FOX31 Denver

Health workers fear hostility, harassment in wake of COVID

DENVER (KDVR) — Long before a violent mob swept through the nation’s capital, public health workers in Colorado could feel rising tensions.

Not because of the election, but because of the politics of COVID, which has led to hostility toward some public health experts from anti-maskers and others due to COVID-related restrictions.

“They are acting out in a way that’s aggressive and harassing. It’s really alarming to me and my colleagues across the country,” said Theresa Anselmo, who quit as the executive director for the Colorado Association of Local Public Health Officials at the end of December.

She provided the Problem Solvers a list of 20 public health leaders in Colorado who quit or retired in 2020 and one public health director who was fired in Rio Grande County for her efforts to slow the spread of the coronavirus.

“There comes a point where we all have to, for ourselves, decide that we prioritize our health and our well-being, our own safety, over a job,” said Anselmo.

In May, Arapahoe County Sheriff Deputies arrested Daniel Pesch for vandalizing the Tri-County Health Department after rocks were thrown through the building’s windows.

Comments on the Tri-County Health Facebook page have included threatening posts like this one:

“How many out there would like to know the home addresses and phone numbers of the leadership team of Tri-County Health?
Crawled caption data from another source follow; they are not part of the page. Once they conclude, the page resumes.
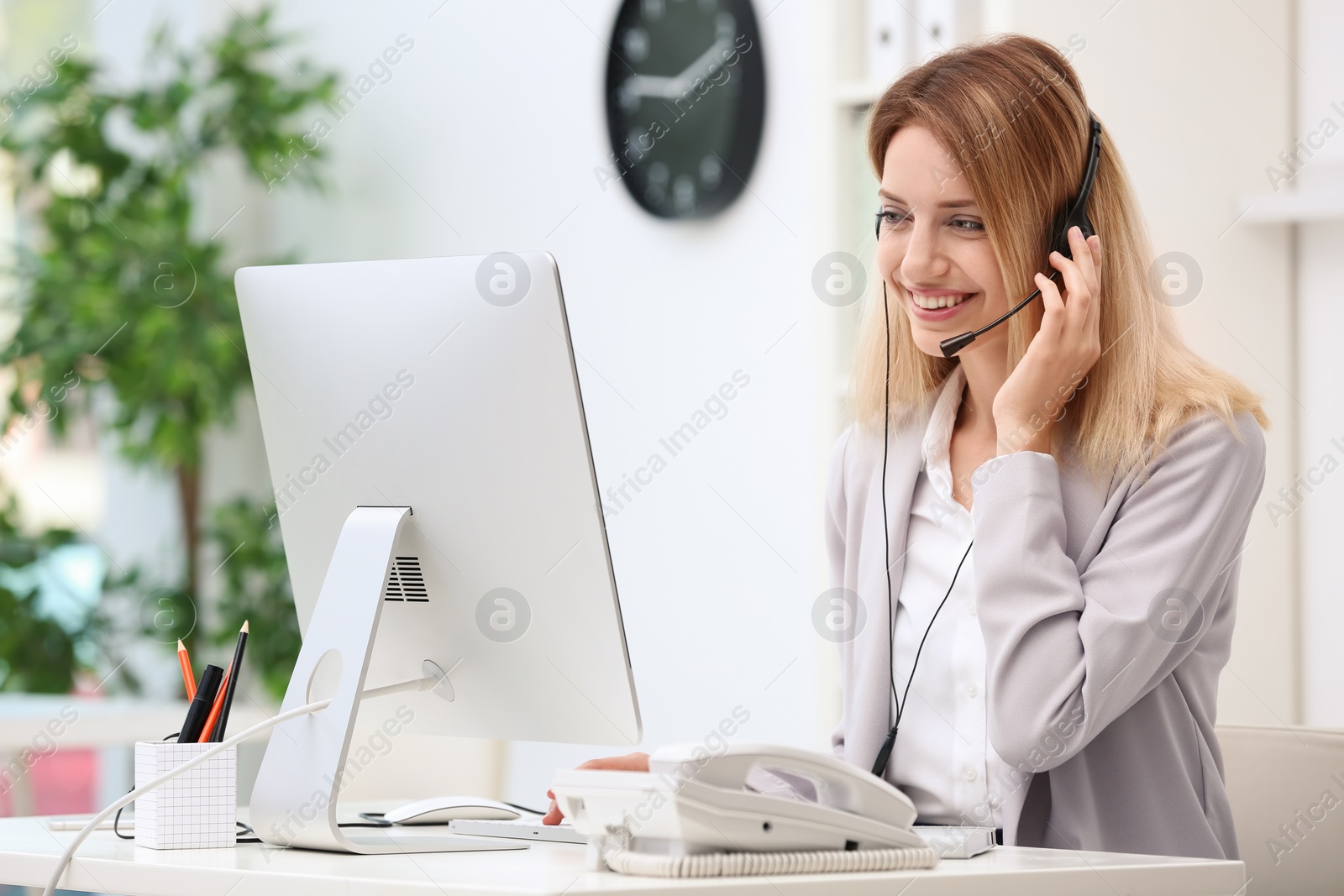 Photo of Female receptionist with headset at desk in office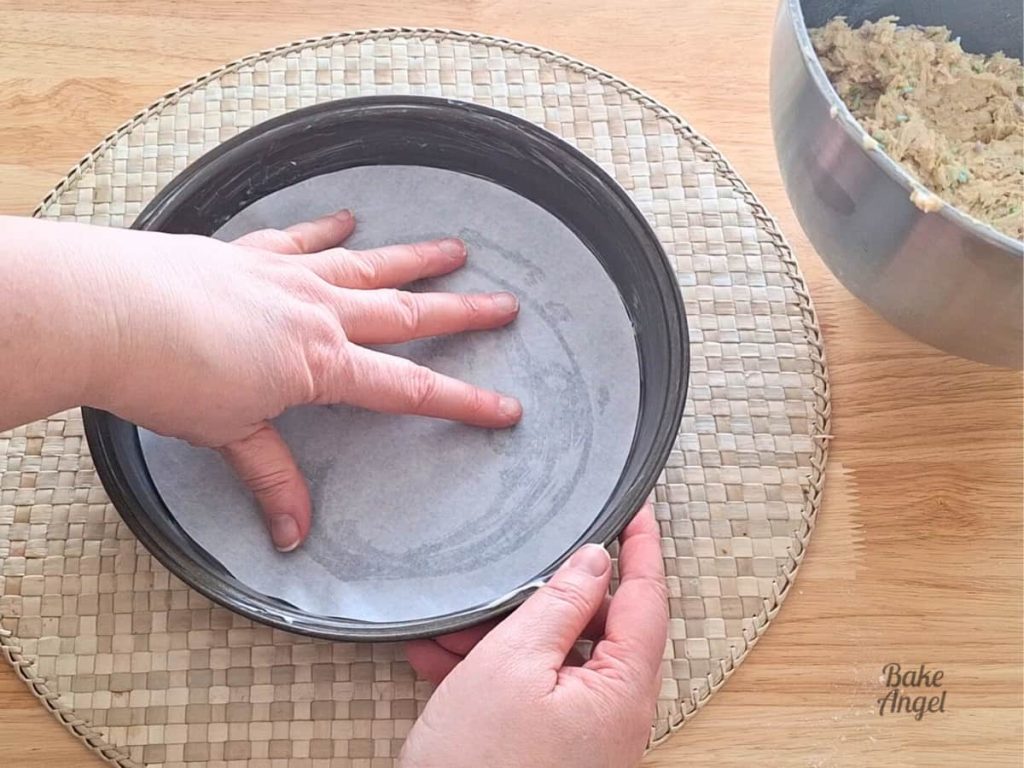 Placing a parchment circle in the 9 inch baking pan.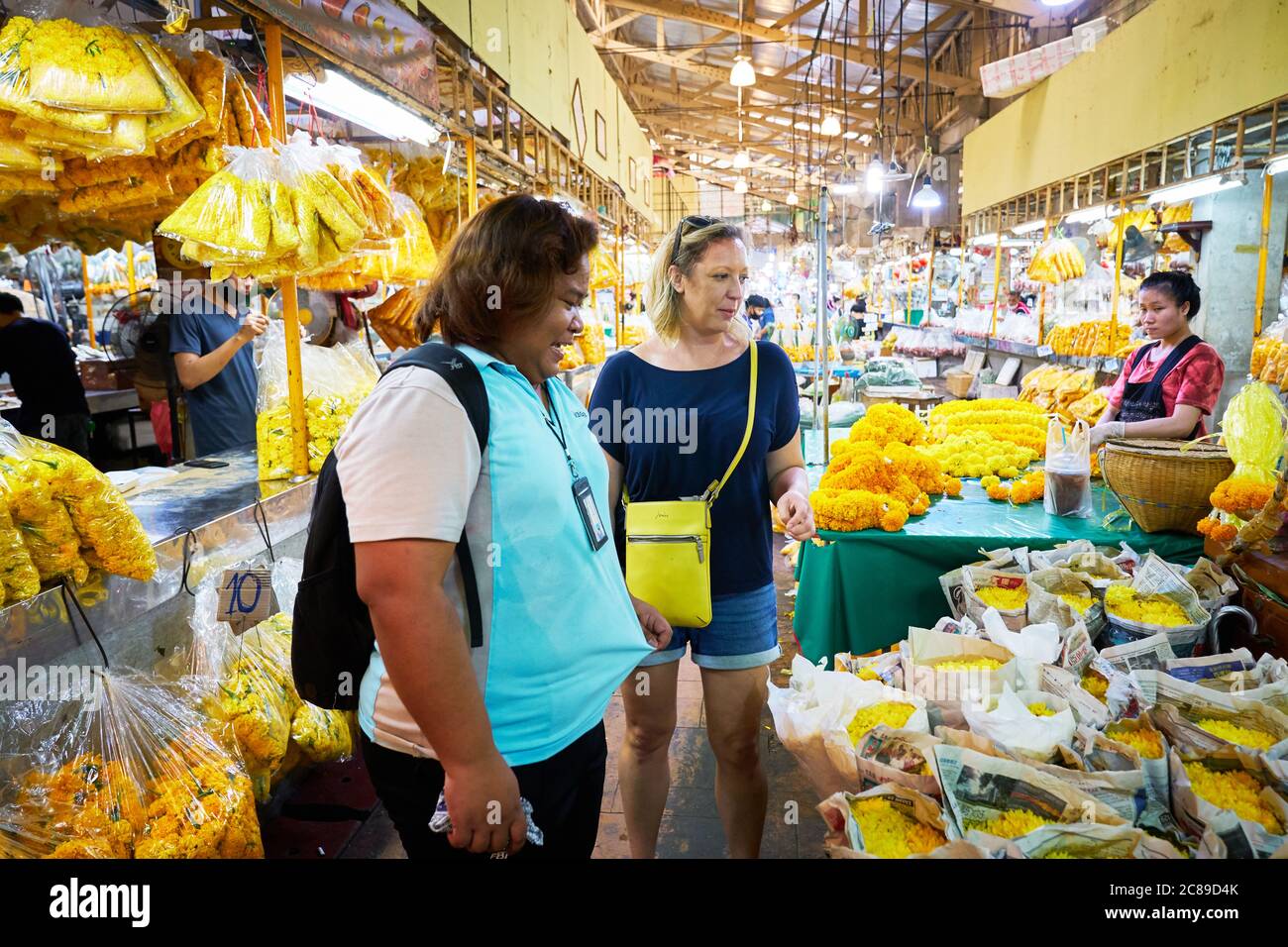 Touring around the flower market with an expert guide downtown Chak Phet Road,Bangkok Stock Photo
They were pretty easy to find out. Perhaps I’ll place them on the windows of every establishment they are issuing warnings to….You want want to make this a war??? No Problem.”

Last month, Mike Hall, the co-chair for the Republican party in Parker created a Facebook page. There, he posted the names and addresses for two Colorado Department of Public Health and Environment officials, writing in a since deleted post: “You want to be Anti-Americans, Patriots are going to show you the error of your ways.  We didn’t ask for this but you brought it on.”

The next day, Hall would take down the page and issue an apology writing, “In hindsight, it was poor judgment.”

“The rhetoric is getting pretty bad. I’ve never seen anything like it,” said Joss Schlossberg, a journalist with ColoradoCovidWatch.

Schlossberg has documented online harassment he’s seen directed toward public health workers and even himself.

One message he received said, “F**K you Nazi mask-wearing pieces of S**t. You belong in a toilet not on this earth. One day we will put you 6 feet below the soil.”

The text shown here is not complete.